02.11.2013 Nazis hatten stets Vorrang vor ihren Opfern Ein
neues Buch über „Staatsschutz in Westdeutschland“
klärt über Vorrang für Nazis in Westdeutschland auf. Den
„Männern und Frauen der ersten Stunde“ folgte die
Stunde der 49er Nazis. Dominik Rigoll berichtet über die Zeit von
der Entnazifizierung zur „Extremistenabwehr“. Eine
Betrachtung dazu von Ulrich Sander. Demokraten sind stets dagegen
angegangen, daß Nazis Vorrang haben vor ihren Opfern. Doch dies
ist das oberste, wenn auch ungeschriebene Gesetz in dieser Republik
seit ihrer Gründung. Nazis durften und dürfen sich entfalten,
durften mitregieren – Antinazis eher nicht. Am 1. April 1947
kam ich zur Schule. Es war die Schule am Bullenhuser Damm in Hamburg. Es
wurde gemunkelt, hier im Keller hätten die Nazis kurz vor
Kriegsende 20 jüdische Kinder ermordet. Die Lehrer stritten es ab,
meine Eltern, aktive Antifaschisten, bestätigten es, denn sie
hatten davon in der Zeitung gelesen: Die Mörder stünden vor
einem englischen Gericht. Einige wurden hingerichtet, andere blieben
straffrei. So Arnold Strippel, Kommandeur der Mordaktion. Als
genügend Beweise gegen ihn zusammenkamen, wurde erneut ein
Prozeß gegen ihn versucht. Aber nun gab es die englische
Gerichtsbarkeit nicht mehr. Strippel konnte unmittelbar nichts
nachgewiesen werden, hatte nicht selbst Hand angelegt. So wurde er
freigesprochen und bekam für die Untersuchungshaft noch
Entschädigung. Mein Interesse und späteres Engagement
für die Aktivitäten der VVN gegen die Wiederbetätigung
der Nazis und ihre „Weiterverwendung“ begann sehr
früh. Mit den Kameradinnen und Kameraden hielten wir Mahnwachen
vor den Häusern von Blutrichtern ab – so Anfang der
Sechziger in Hamburg-Bergedorf. Die Vereinigung der Verfolgten des
Naziregimes, der wir uns als Geschwister Scholl Jugend verbunden
fühlten, war in den Hochzeiten des Kalten Krieges auf Landesebene
in Hamburg verboten worden. Das war die Zeit, da ein
Ministerialdirektor Roemer im Bundesjustizministerium arbeitete, der
1943 die Vollstreckung des Todesurteils gegen die Geschwister Scholl
geleitet hatte. Das war die Zeit, da der Hamburger Gestapo-Mörder
und Reichssicherheitshauptamtchef Bruno Streckenbach in Hamburg auf
freien Fuß gesetzt wurde und Willi Dusenschön, der
KZ-Kommandant von Fuhlsbüttel wegen "Mangels an Beweisen"

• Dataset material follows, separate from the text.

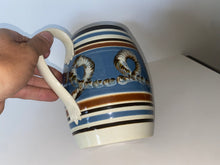 Load image into Gallery viewer, Staffordshire Mochaware Mocha Pitcher With Earthworm On Blue Background 1820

freigesprochen wurde. So gut wir konnten, haben wir über diese
Skandale aufgeklärt, mit Flugblättern und Dokumentationen. Als
ich später vernahm, der Bundesgerichtshof habe die DDR-Richter ins
Gefängnis gesteckt, die einst in den Waldheim-Prozessen
Naziverbrecher zum Tode verurteilten, weil dies Rechtsbeugung gewesen
sei, da dachte ich: Was geschieht, wenn britische Richter, die
Todesurteile gegen Nazis vollstrecken ließen, mal in die
Hände des Bundesgerichtshofes kommen? Todesurteile sind doch
verboten. Und außerdem: Naziblutrichter haben nach Meinung des
Bundesgerichtshof nie das Recht gebeugt, nicht einer wurde verurteilt.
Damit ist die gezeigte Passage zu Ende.